#### Exercise:
Take nothing but the lines from the one with "Golden caramel pudding" through the one with "Nu urăsc și nici nu mă răzbun" in the entries below, both ends kept, and return them exactly with pictures left out.

#### Supplied records:
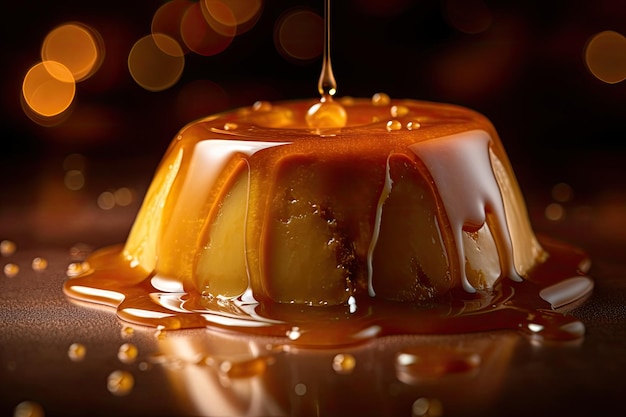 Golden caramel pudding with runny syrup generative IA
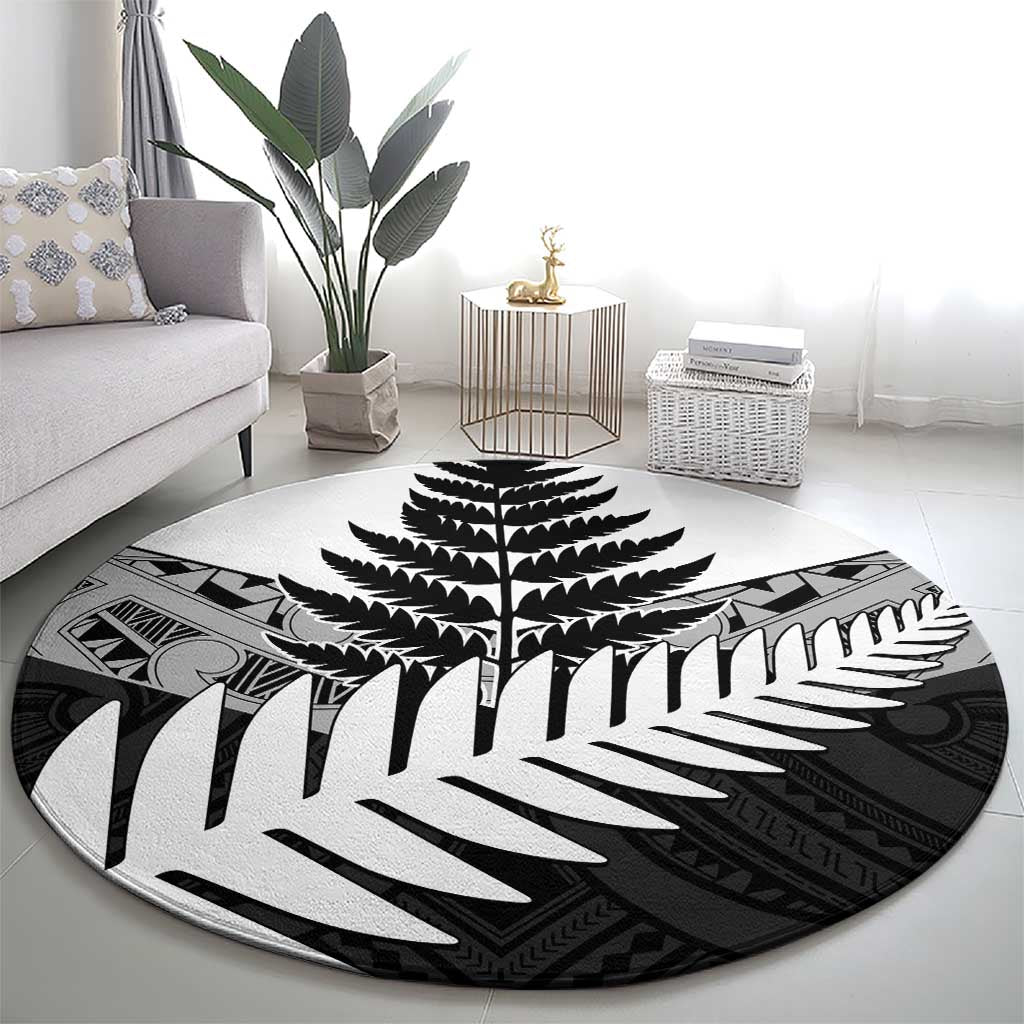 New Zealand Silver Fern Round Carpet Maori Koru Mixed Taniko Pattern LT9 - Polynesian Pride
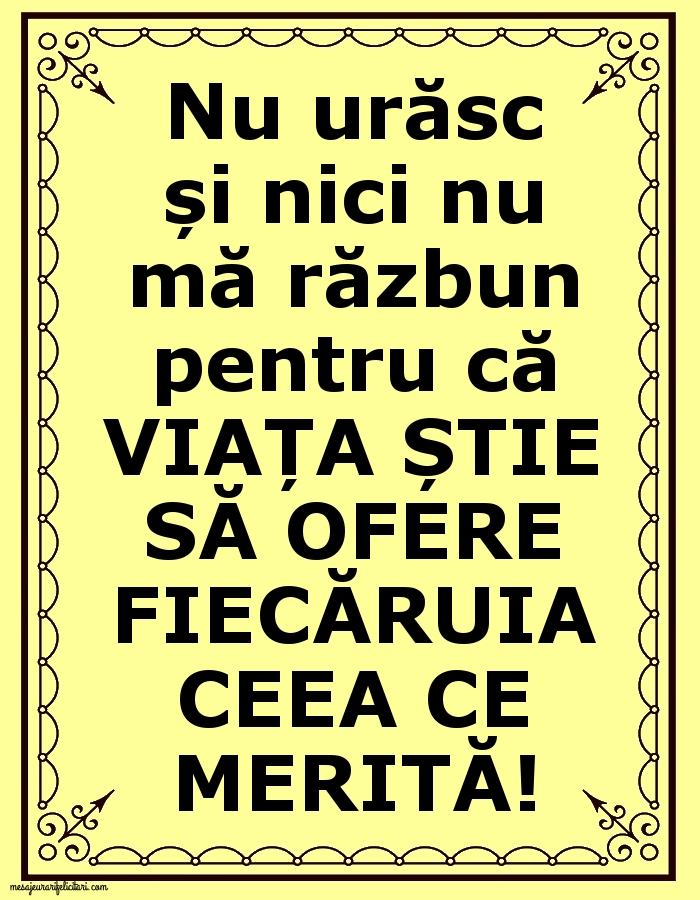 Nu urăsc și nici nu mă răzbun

* * *

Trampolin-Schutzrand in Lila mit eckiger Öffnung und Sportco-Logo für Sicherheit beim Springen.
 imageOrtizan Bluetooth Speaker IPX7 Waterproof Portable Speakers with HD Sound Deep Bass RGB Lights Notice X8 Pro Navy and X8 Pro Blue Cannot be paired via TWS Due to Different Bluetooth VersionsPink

...

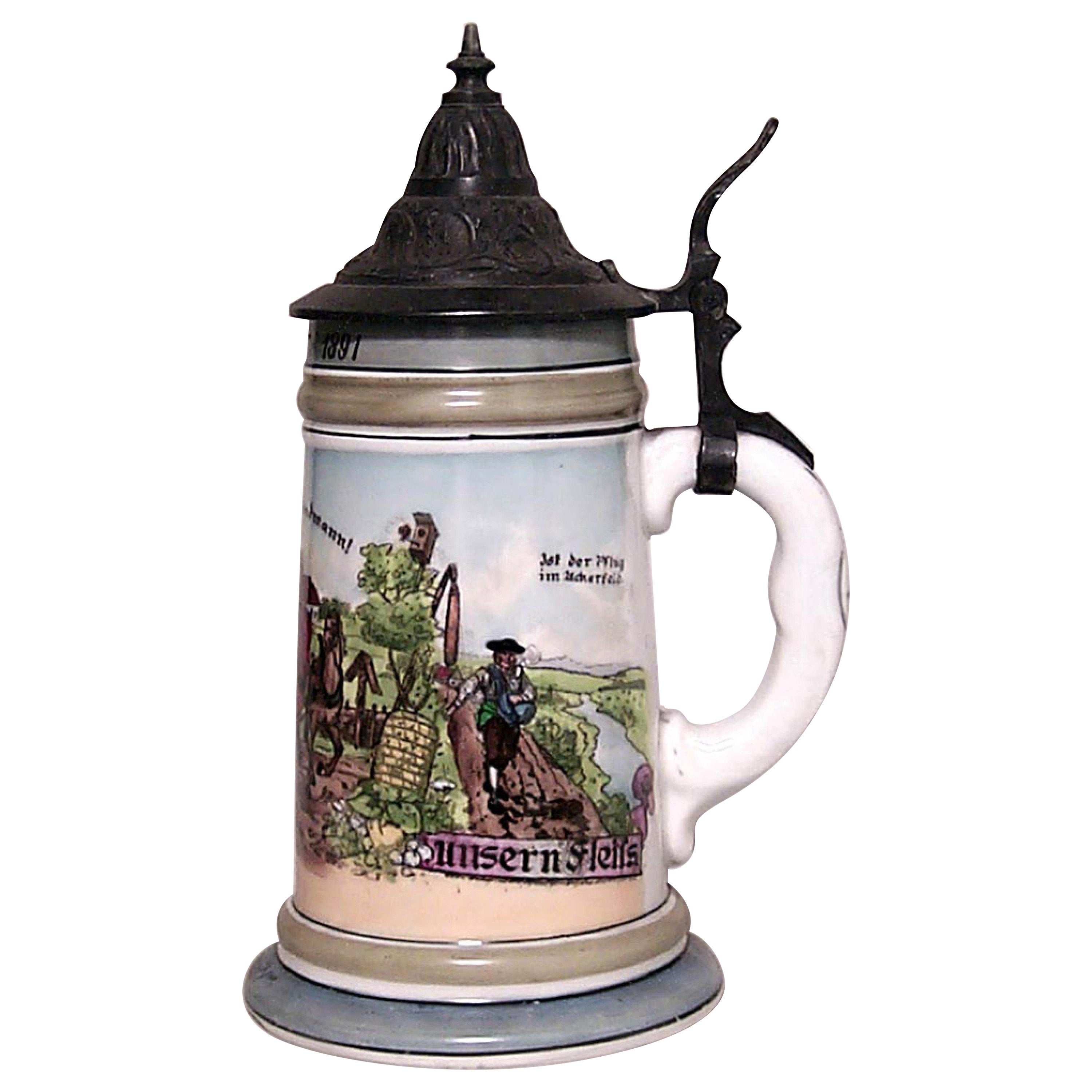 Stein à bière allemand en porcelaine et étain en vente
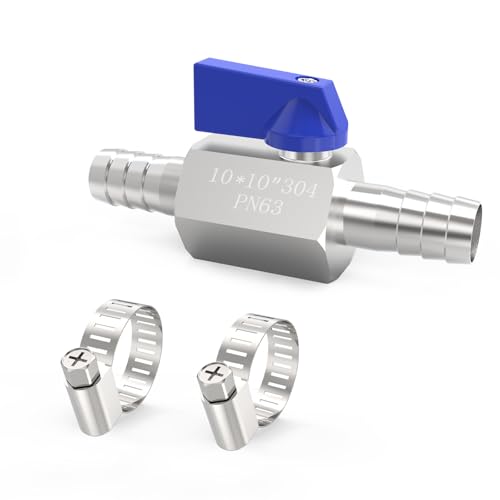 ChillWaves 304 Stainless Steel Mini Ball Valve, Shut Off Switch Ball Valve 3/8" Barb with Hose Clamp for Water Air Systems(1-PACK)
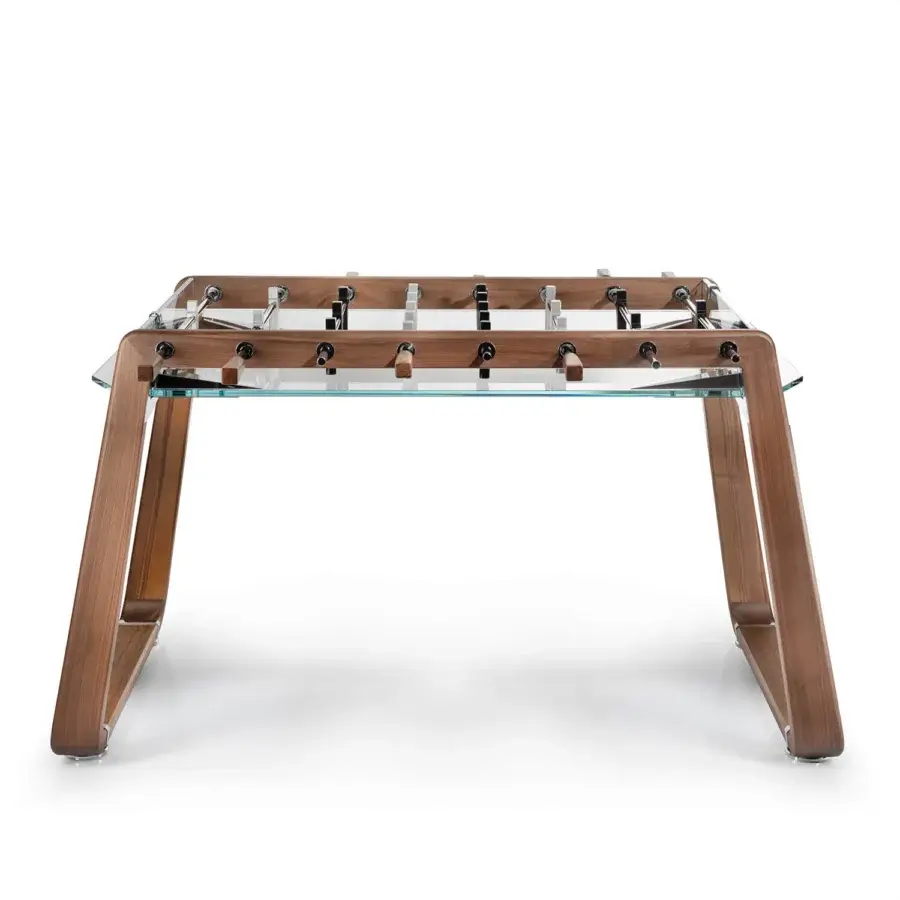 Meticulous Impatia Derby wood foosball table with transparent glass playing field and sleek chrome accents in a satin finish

#### Worked solution:
 Golden caramel pudding with runny syrup generative IA
 New Zealand Silver Fern Round Carpet Maori Koru Mixed Taniko Pattern LT9 - Polynesian Pride
 Nu urăsc și nici nu mă răzbun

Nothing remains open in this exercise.